Conseguentemente, sempre secondo i ricorrenti, la sentenza impugnata sarebbe incorsa altresì nella violazione e/o falsa applicazione degli artt. 2697 c.c. e 115 c.p.c., in quanto l’Istituto scolastico ed il Ministero non avrebbero fornito alcuna prova liberatoria.

Il Collegio di Piazza Cavour, tuttavia, ha respinto il ricorso dei genitori, “avendo la Corte di merito, con giudizio di fatto, incensurabile in questa sede, ritenuto l'assoluta repentinità e imprevedibilità dell'evento nonché l'insussistenza di una condotta negligente delle insegnanti e della mancata adozione di misure idonee di preventive di tipo organizzativo o disciplinare”.

Inoltre, la Corte fa notare che, quanto alla denunciata violazione delle norme di cui agli artt. 115 c.p.c. e 2697 c.c., i ricorrenti avevano lamentato soltanto un'erronea valutazione delle prove e non un errore nell’applicazione della regola di giudizio.

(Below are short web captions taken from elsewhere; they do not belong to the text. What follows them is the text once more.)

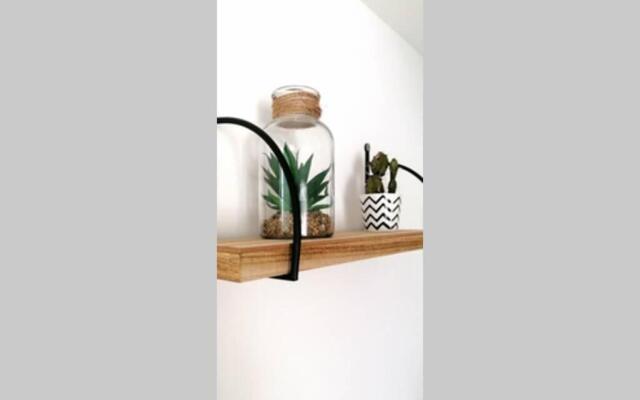 Charmant T1 au cœur du centre historique de Dinan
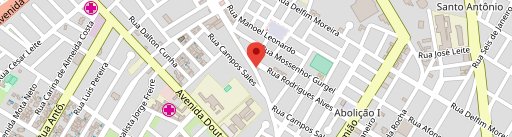 Germano's Restaurante no mapa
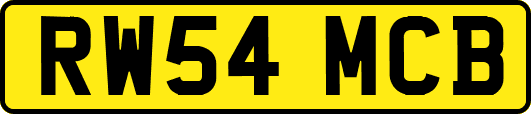 RW54MCB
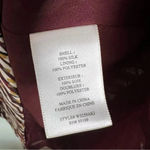 GENERRA 100% Silk Long Sleeve Dress Size 8 Photo 8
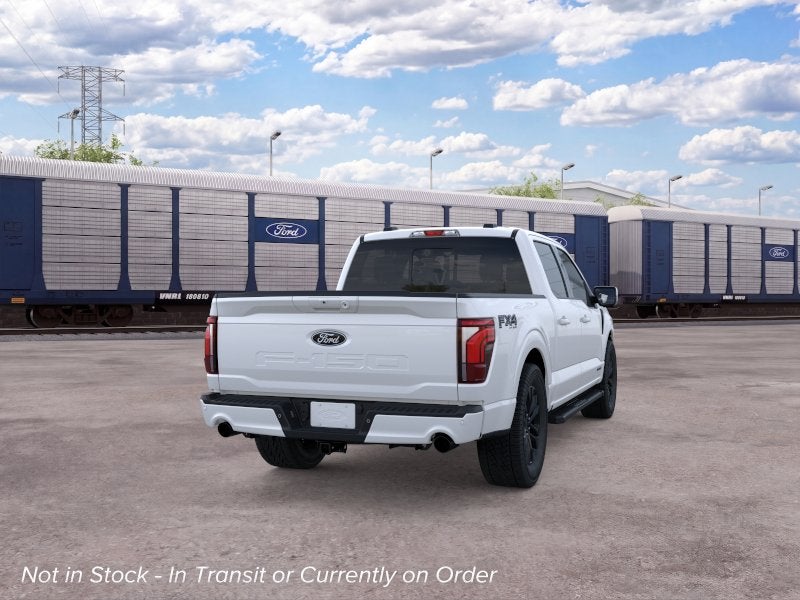 2026 Ford F-150 Lariat InTransit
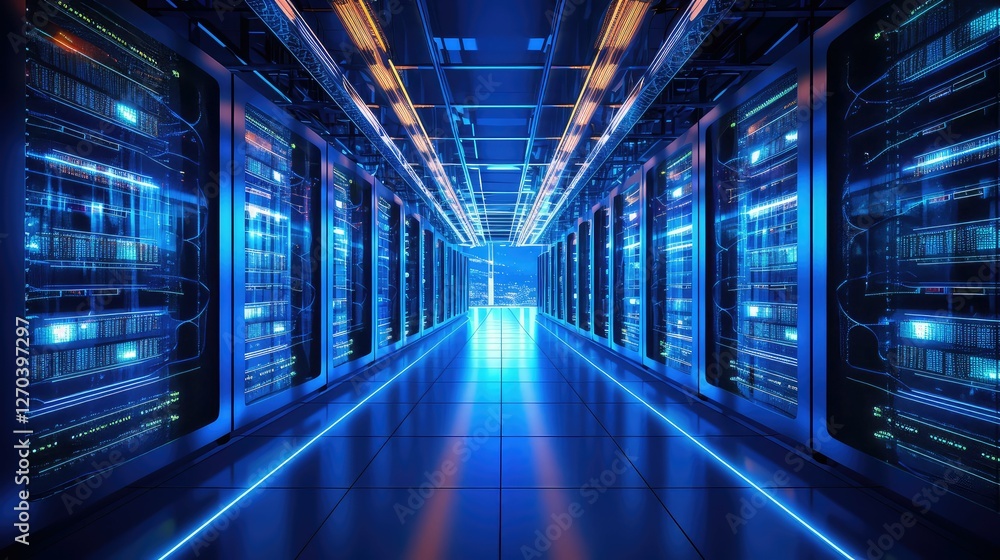 network high tech data center network high tech data center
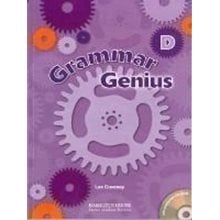 Grammar Genius D Sb (+ Cd)  Αγγλικά Φροντιστηριακά & ELT Βιβλία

Infatti, ha evidenziato la Corte, “la violazione dell'art. 2697 cod. civ. si configura se il giudice di merito applica la regola di giudizio fondata sull'onere della prova in modo erroneo, cioè attribuendo l'onus probandi a una parte diversa da quella che ne era onerata secondo le regole di scomposizione della fattispecie basate sulla differenza fra fatti costituivi ed eccezioni, mentre per dedurre la violazione del paradigma dell'art. 115 cod. proc. civ. è necessario denunciare che il giudice non abbia posto a fondamento della decisione le prove dedotte dalle parti, cioè abbia giudicato in contraddizione con la prescrizione della norma, il che significa che per realizzare la violazione deve aver giudicato o contraddicendo espressamente la regola di cui alla norma, cioè dichiarando di non doverla osservare, o contraddicendola implicitamente, cioè giudicando sulla base di prove non introdotte dalle parti e disposte invece di sua iniziativa al di fuori dei casi in cui gli sia riconosciuto un potere officioso di disposizione del mezzo probatorio (fermo restando il dovere di considerare i fatti non contestati e la possibilità di ricorrere al notorio, previsti dallo stesso art. 115 cod. proc. civ.), mentre detta violazione non si può ravvisare nella mera circostanza che il giudice abbia valutato le prove proposte dalle parti attribuendo maggior forza di convincimento ad alcune piuttosto che ad altre, essendo tale attività consentita dal paradigma dell'art. 116 cod. proc. civ., che non a caso è rubricato «Valutazione delle prove”.

Per tali ragioni, la Corte di Cassazione ha rigettato il ricorso dei genitori, condannandoli al pagamento delle spese di giudizio.